Ancient Greek, Roman, Persian and Hindu texts refer to a procedure, known as lithotomy, for removing bladder stones. The patient would lay on their back, feet apart, while a blade was passed into the bladder through the perineum – the soft bit of flesh between the sex organ and anus. Further indignity was inflicted by surgeons inserting their fingers or surgical instruments into the rectum or urethra to assist in the removal of the stone. It was an intensely painful procedure with a mortality rate of about 50%.
The number of lithotomy operations performed began to fall in the 19th century, and it was replaced by more humane methods of stone extraction. Healthier diets in the 20th century helped make bladder stones a rarity, too.
4. Rhinoplasty (old school)
Syphilis arrived in Italy in the 16th century, possibly carried by sailors returning from the newly exploited Americas (the so-called Columbian exchange).
The sexually transmitted disease had a number of cruel symptoms, one of which was known as “saddle-nose”, where the bridge of the nose collapses. This nasal deformity was an indicator of indiscretions, and many used surgery to try and hide it.
An Italian surgeon, Gaspare Tagliacozzi, developed a method for concealing this nasal deformity. He created a new nose using tissue from the patient’s arm. He would then cover this with a flap of skin from the upper arm, which was rather awkwardly still attached to the limb. Once the skin graft was firmly attached – after about three weeks – Tagliacozzie would separate the skin from the arm.
The were reported cases of patients’ noses turning purple in cold winter months and falling off.
Today, syphilis is easily treated with a course of antibiotics.

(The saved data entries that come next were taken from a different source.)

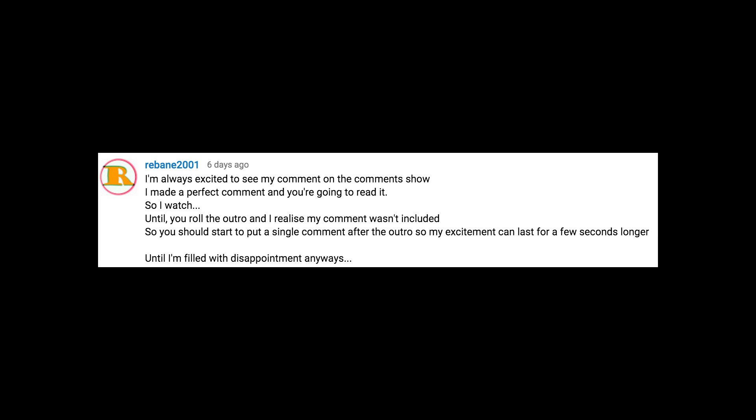Until you roll the outro, and I realize my comment wasn't included. So you should start to put a single comment after the outro, so my excitement can last just a few seconds longer — until I'm filled with disappointment anyways.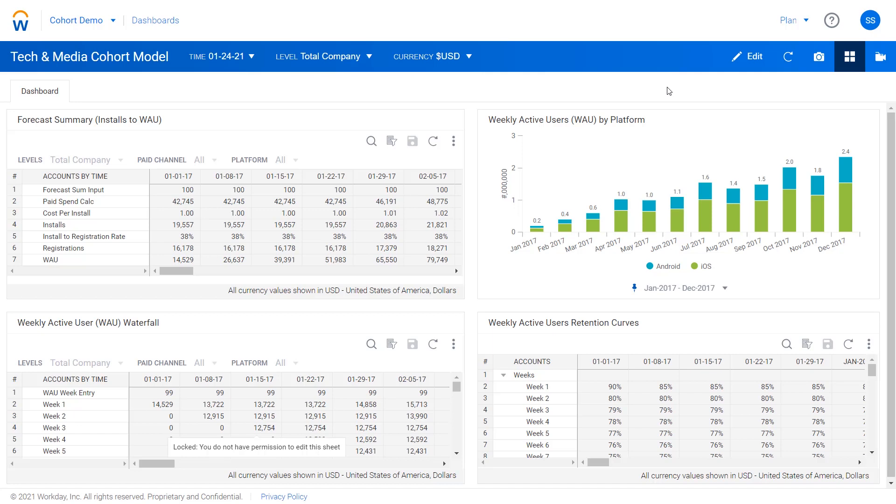We also see it even in the B2B side, where enterprise software companies have contracts that are consumption-based or potentially have ramping or escalations in them, or where customers have complicated revenue recognition patterns that they're trying to model.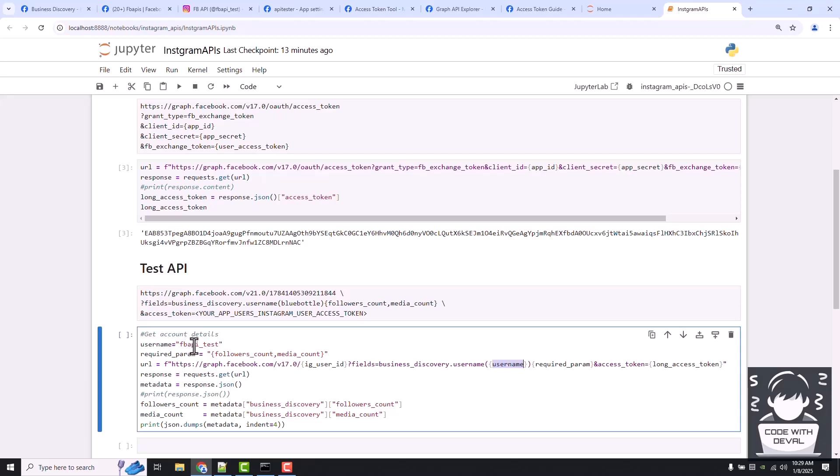The required parameters we are going to fetch are our followers count and media count, and I'm providing this access token. It's just a GET request, and from this response we are fetching those details.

Losing blood, in modern medicine, is generally considered to be a bad thing. But, for about 2,000 years, bloodletting was one of the most common procedures performed by surgeons.
The procedure was based on a flawed scientific theory that humans possessed four “humours” (fluids): blood, phlegm, black bile and yellow bile. An imbalance in these humours was thought to result in disease. Lancets, blades or fleams (some spring loaded for added oomph) were used to open superficial veins, and in some cases arteries, to release blood over several days in an attempt to restore balance to these vital fluids.

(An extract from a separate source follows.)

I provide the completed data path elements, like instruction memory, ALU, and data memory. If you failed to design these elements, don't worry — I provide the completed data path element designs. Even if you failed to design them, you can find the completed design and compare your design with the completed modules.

Bloodletting in the West continued up until the 19th century. In 1838, Henry Clutterbuck, a lecturer at the Royal College of Physicians, claimed that “blood-letting is a remedy which, when judiciously employed, it is hardly possible to estimate too highly”.
Finally, one medical procedure, dating from one of the earliest Egyptian medical texts, that isn’t used anymore – and I can’t for the life of me think why – is the administration of half an onion and the froth of beer. It cures death, apparently.